Tragedy on The Alpine

by jjohns 27. May 2008 11:37

As a golfer, I can appreciate Mel Brooks’ definition of Tragedy and Comedy

“Tragedy is when I cut my finger.  Comedy is when you walk into an open sewer and die.”

A little harsh, but then again, you’ve never played golf with my friends.

My experience Saturday on the Alpine is either really funny or really tragic, depending on your perspective. I've decided it’s best for me to just think of it as a Cinderella story.

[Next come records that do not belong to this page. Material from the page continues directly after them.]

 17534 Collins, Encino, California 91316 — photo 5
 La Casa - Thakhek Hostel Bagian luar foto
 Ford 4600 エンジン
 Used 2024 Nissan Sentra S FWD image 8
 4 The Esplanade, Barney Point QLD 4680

Nobody wants to hear hole-by-hole descriptions of other people’s golf games.  To be clear, the only people that manage to feign interest in your hole-by-hole accounts are salespeople looking for orders, relatives looking for inheritance, dogs interested in getting that piece of bacon that fell out of your club sandwich, or people too polite to hang themselves right there on the spot.  In light of this, I will spare you the details of my round.

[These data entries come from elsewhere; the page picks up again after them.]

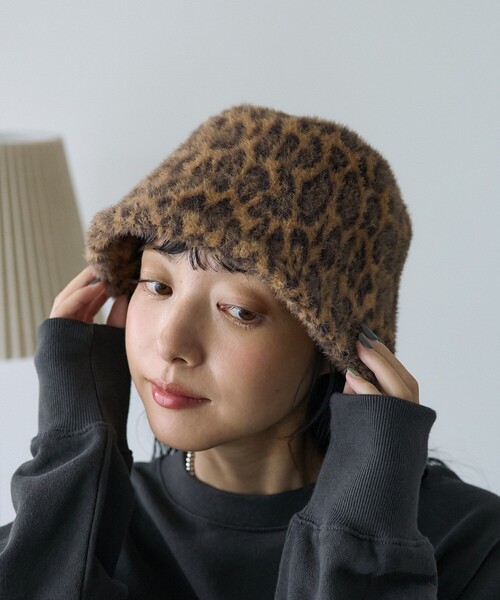 新品✨FURLA✨ファンシーツイード マリンキャスケット 帽子 ハット ブラック FRL0124F0007_zo_a001.jpg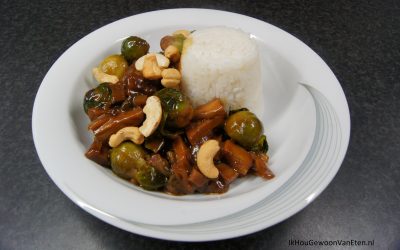 Spruiten met vega-reepjes in ketjapsaus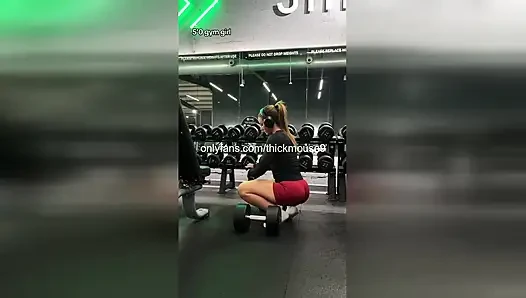 Aku nggak sengaja ngebiarkan ayah tiriku fingering memekku - memalukan bang12!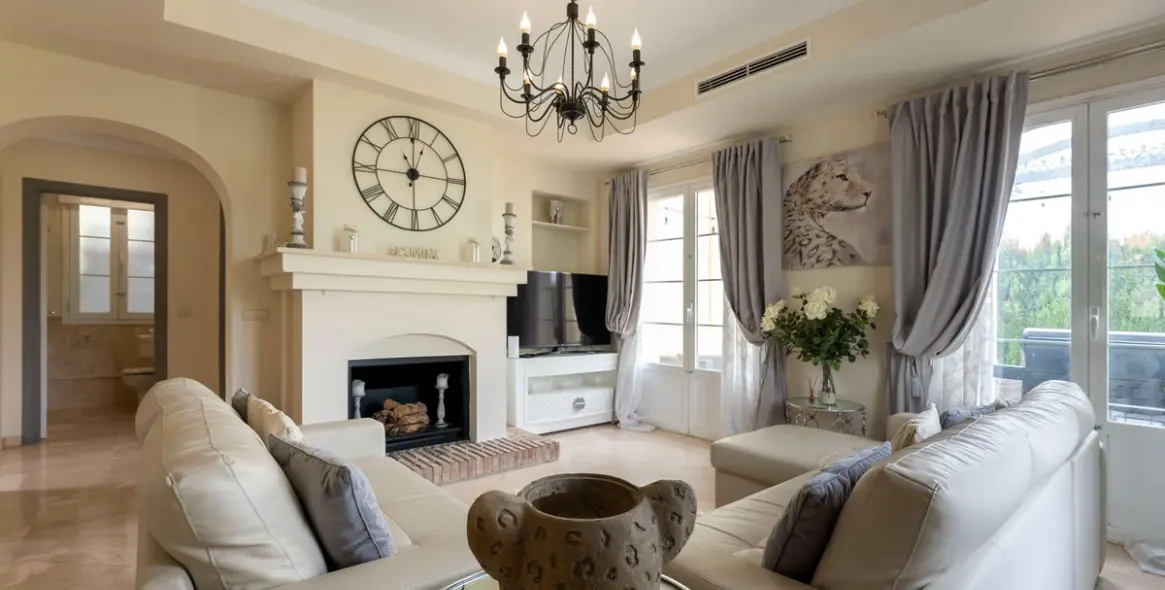 Продажа  отдельно стоящей виллы в Mijas 5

All you really need to know is that I was shooting the round of my life.  It was one of those days when you feel like you’re playing Golden Tee. 
“Just ease it back and fire away.”
Fairway, green, putt, putt, tip hat to the gallery.
Fairway, collar, putt, putt, smile and nod.
Fairway, green, putt, putt, putt.  
All DAY. (with a couple minor bumps) 

The weather was perfect. The Alpine was pristine and I was ruggedly handsome.

At this point, any of the guys who have been out chopping with me recently will have trouble reading this because they are laughing hysterically. Me playing well is inconceivable and the handsome bit is a real gag. Chill boys. My biggest critic (my wife) was there and everyone knows she wouldn’t lie about my golf game.  Besides, the really good part is next.

At hole 14, I was in the middle of shooting 3 consecutive pars after clunking a little bit around the turn. Just then, the dinner bell rang. 

This wasn’t your ordinary dinner bell.  I had no wiggle room.  No excuse for not getting back on time.  If I tried, my babysitters would turn into mice, my golf shoes into glass slippers and our golf cart into a pumpkin.

I HAD TO CUT THE ROUND OF MY LIFE SHORT.  I was close to hitting numbers I only dream of. Cinderfella was forced to leave the ball, just as it was really getting good.

Tragic?  Not unless you’re me.

Funny? Absolutely!  Especially for my friends. Even more so when they realize that I am now thinking that low numbers are well within my reach and that I am handsome.

Keep laughing boys. The season is young and I'm buying some self-tanner.